REQUIRED WORK:
Every line from the one holding "Building Photo - 305 Cinema St" through the last line of the records must be retyped exactly, and no other line or picture may appear in the copy.

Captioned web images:

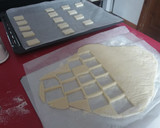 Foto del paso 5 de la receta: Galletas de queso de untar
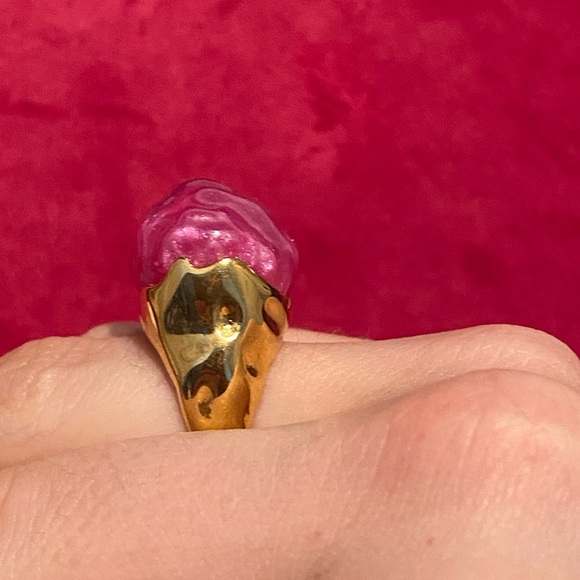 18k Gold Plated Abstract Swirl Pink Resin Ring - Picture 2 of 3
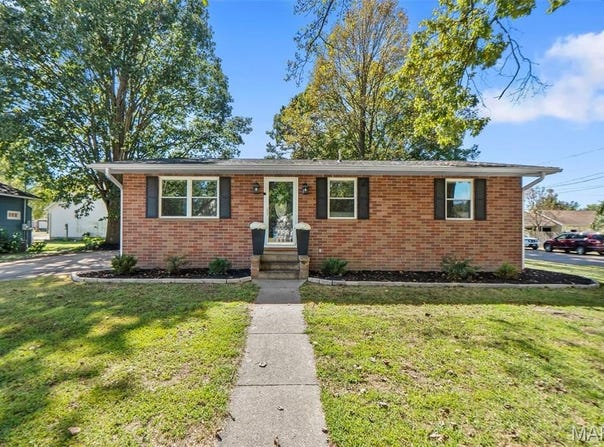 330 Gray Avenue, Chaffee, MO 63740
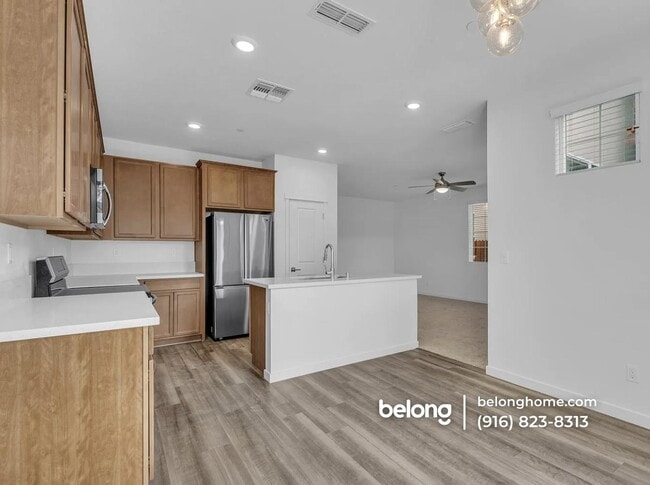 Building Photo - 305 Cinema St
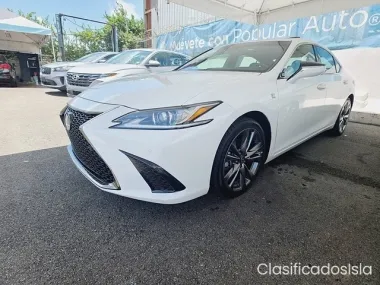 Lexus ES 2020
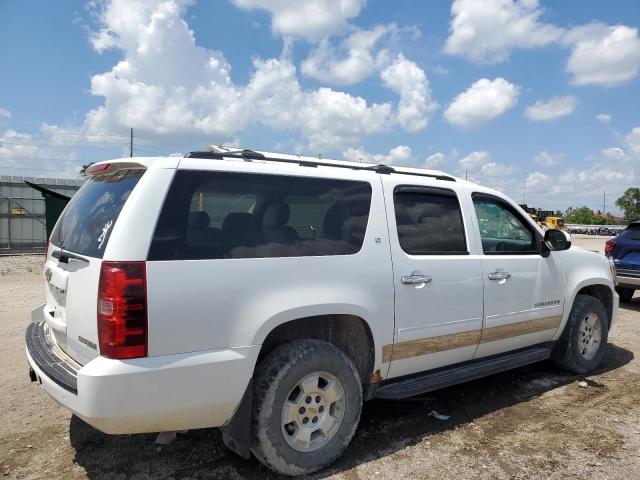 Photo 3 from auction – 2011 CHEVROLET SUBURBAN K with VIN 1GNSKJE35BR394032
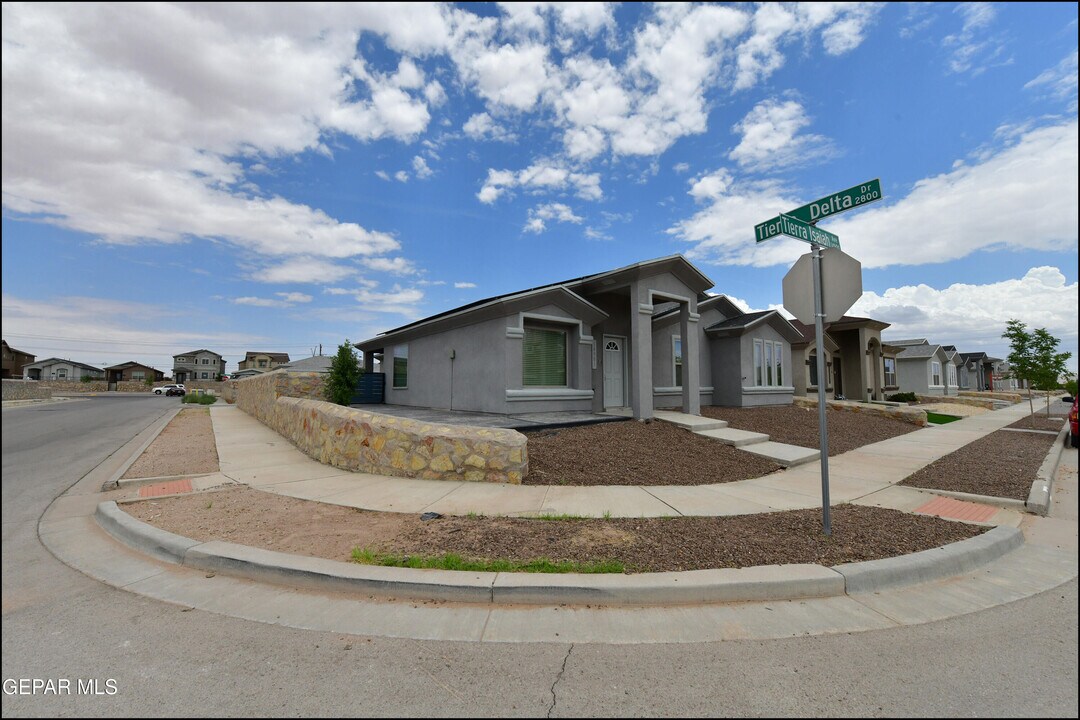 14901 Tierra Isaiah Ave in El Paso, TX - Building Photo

COMPLETED TASK:
 Building Photo - 305 Cinema St
 Lexus ES 2020
 Photo 3 from auction – 2011 CHEVROLET SUBURBAN K with VIN 1GNSKJE35BR394032
 14901 Tierra Isaiah Ave in El Paso, TX - Building Photo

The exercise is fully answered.